I was having the divil's own luck with that Druid's Stocking I mentioned last time. The infinitesimally tiny needles and the fine yarn, though undeniably a beautiful green, made for a dreadfully harsh fabric, not to mention the havoc they were playing with my fingers and thumb joints. Eventually I got sense and went up a few sizes in needle and called upon the aid of a lovely warm soft pale grey yarn that I'd used before. Instant happiness!
Here are the new and the old, which I fitted round a pair of boots by the crabapple tree. You probably can't see the lovely patterning on the pale grey but it's there, believe me. This is just the cuff so far, and then that gets turned down and you start on the leg of the stocking. Which has its own delightfully complex cabling. Meggie really is a brilliant knit designer.
And, the birthday of a very small young friend coming up soon, I whipped up this little bag last night.
It's the Toy Tote Bag by Sherry Etheridge and is just big enough to take some tiny gifts and sweets. Then it can be used later on for special treasures and slung over a small shoulder. A really speedy crochet project for suddenly-needed gifts - you could put anything inside it from pretty soaps and flannels to indulgent chocolate treats.
We decided the other day that it really was high time to go and get good pictures of a particular stone circle down at Kealkil on the back road to Bantry. Getting there wasn't too much of a problem (as long as you can cope with climbing steep sinuous boreens about the width of a loaf of bread and never knowing if you'll meet a tractor or hay wagon coming the other way at full speed, and, having lived here a fairly long time, we can) but actually reaching the monument itself posed more of a challenge. There was a stiff iron gate standing stern amid a positive sea of mud and manure. As if that were not enough, somebody had spilled black sticky oil all around the opening side. Which meant the dog had to be carried, as I wasn't prepared to deal with black sticky oily paws for the rest of the day and night. We crossed one field, and then had to tackle the next obstacle - a steep ladder, again emerging from the depths of a quagmire, up to a bramble-bedecked bank, and another ladder down the other side. Dog had to be lifted again. This was Petroushka, by the way, who, though still a puppy, weighs twice as much as the other two and then some.

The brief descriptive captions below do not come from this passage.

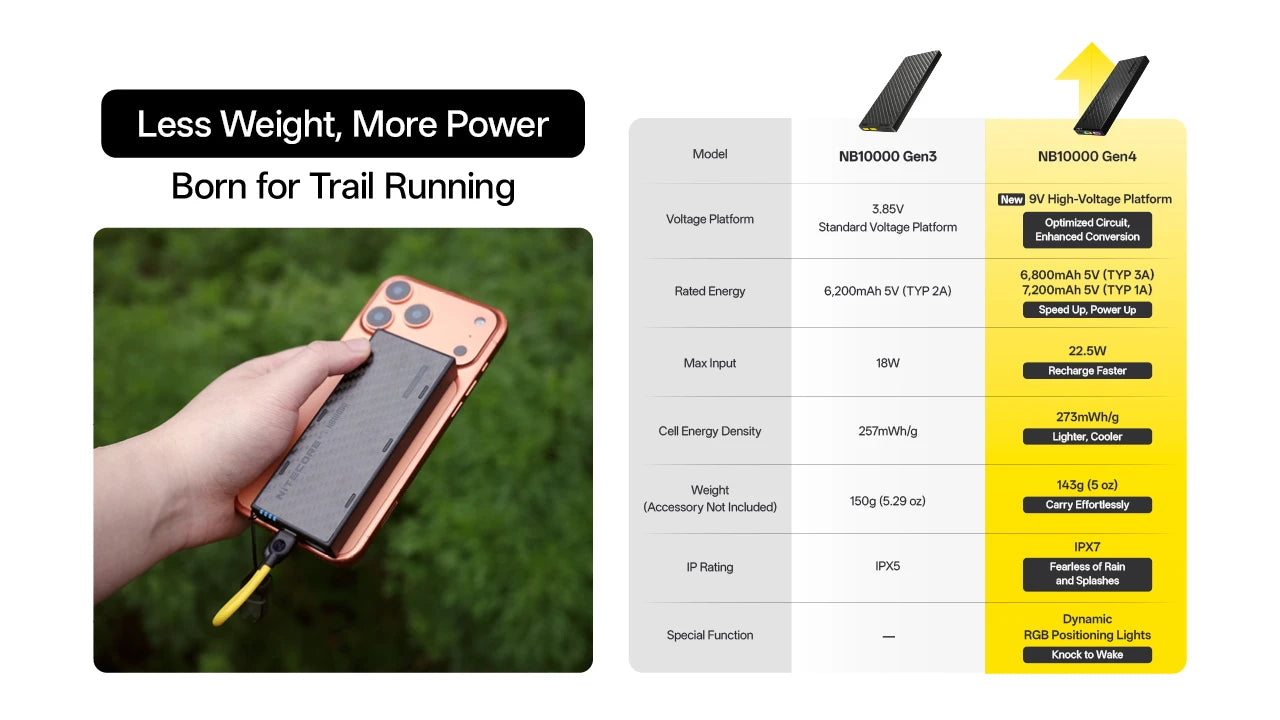 NITECORE POWERBANK NB10000 Gen4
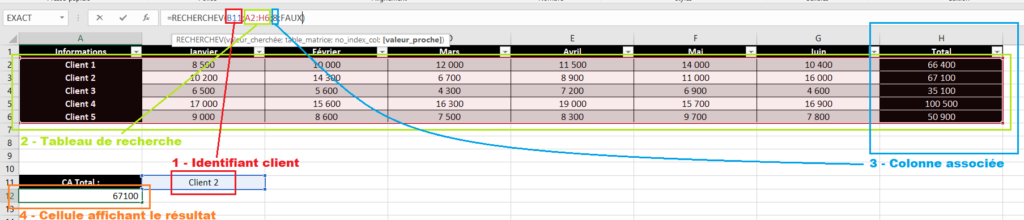 Utiliser la formule RECHERCHEV dans Excel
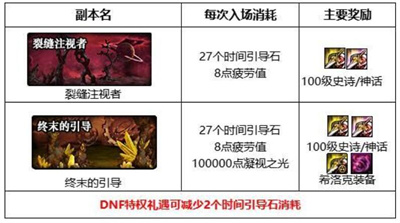 DNF裂缝注视者任务怎么玩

And then, having gained the final stretch, the entire field itself turned out to be a bog, with quaking tussocks of grass standing up in deep pools of inky water. How you can get a bogland on top of a hill, where you would think every drop would have drained off, beats me, but there is one here, take my word for it. Crossing it was no fun at all. You would probably have come down to solid rock after you'd sunk to your ankles, but it still wasn't the kind of afternoon stroll you would have chosen.

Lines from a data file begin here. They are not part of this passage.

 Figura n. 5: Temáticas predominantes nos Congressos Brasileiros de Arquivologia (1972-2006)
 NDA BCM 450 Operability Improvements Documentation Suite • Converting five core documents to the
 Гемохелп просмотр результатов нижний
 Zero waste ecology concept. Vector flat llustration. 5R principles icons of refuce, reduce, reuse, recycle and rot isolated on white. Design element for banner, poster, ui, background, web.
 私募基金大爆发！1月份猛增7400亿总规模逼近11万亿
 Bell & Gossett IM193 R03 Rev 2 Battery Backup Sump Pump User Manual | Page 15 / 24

Eventually, though, we got to the stone circle and it was worth it. The circle itself is small, but there are two superb tall standing stones outside it, as well as a ruined cairn.

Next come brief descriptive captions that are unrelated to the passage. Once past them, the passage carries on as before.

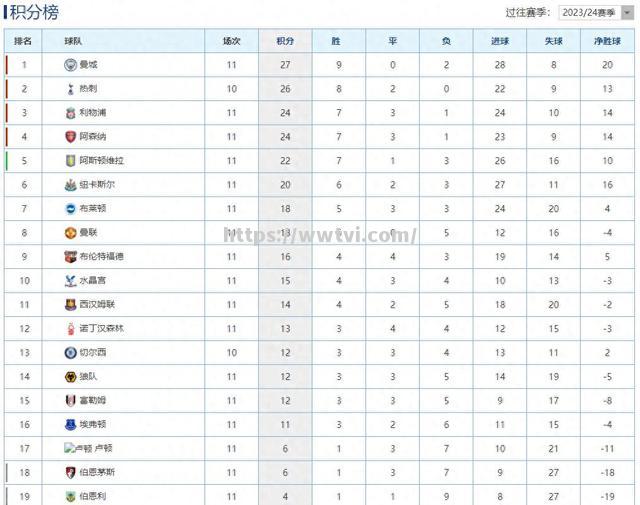 尼斯主场战平,积分榜排名持续上升 尼斯主场战平,积分榜排名持续上升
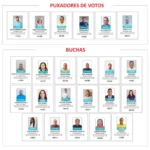 PSB deverá eleger dois deputados estaduais direto e uma sobra para brigar pela 3ª cadeira; confira os principais nome e os “buchas”
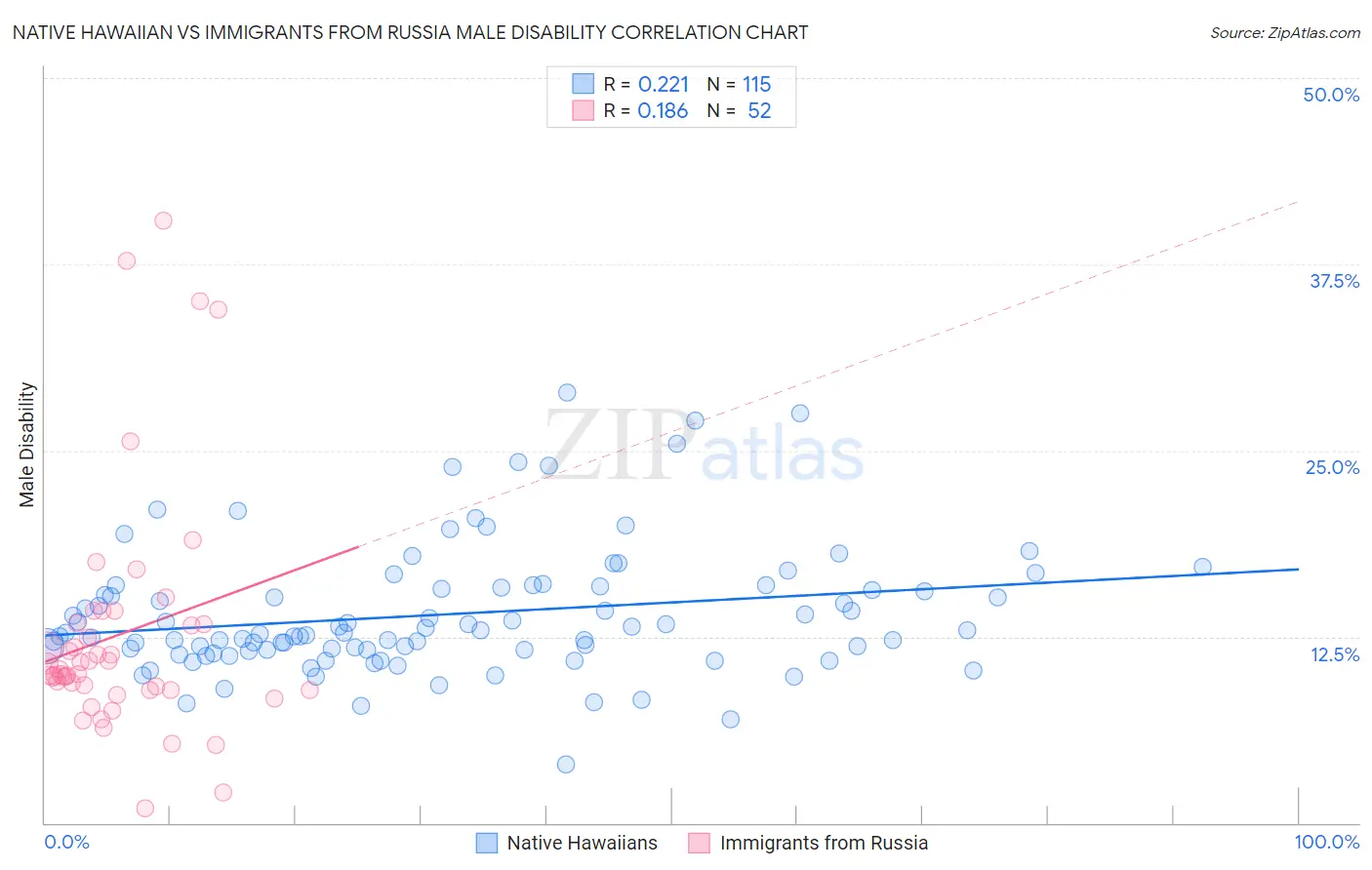Native Hawaiian vs Immigrants from Russia Male Disability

You can get an idea of the height of the tallest stone in this picture - I'm about 5'7" so I would say it was twice that. Bantry Bay is in the background, and the Kerry mountains beyond that.
Most of our clothes required special cleaning when we got home (to say nothing of Petroushka) but it was worth it. Beautiful monument. If only one hadn't got the distinct feeling that somebody didn't want us there and had taken steps to discourage visitors.
Now it's the season of mists and mellow fruitfulness as you all know (unless of course you live in the southern hemisphere, in which case you're starting to enjoy spring) and here that means apples. Our own crabapples (seen above with the Druids Stockings) aren't ready to pick yet, but we knew of a wonderful orchard on the east side of Cork and made our way there when we judged the time to be right.
This is 16thc Barryscourt Castle where Heritage Ireland is doing a tremendous job of restoring not only the structure but the surrounding gardens too. To this end, they planted an orchard with as many of the old Irish apple trees as they could find. Isn't that a lovely thing to do?
How could you resist apples with beautiful names like Offaly Lady's Fingers or Irish Peach? Kerry Pippin or Crofton Scarlet?
I just had to get a closer look at this Ardcairn Russet...
And they very very kindly let us take away some of the windfalls. I have evolved a great method of making apple butter, using the slow-cooker (crockpot to you New Worlders), and have already got the first couple of pots filled and labelled.
May your own autumn be full of fine foraging and happy preparations for filling the pantry shelves before winter.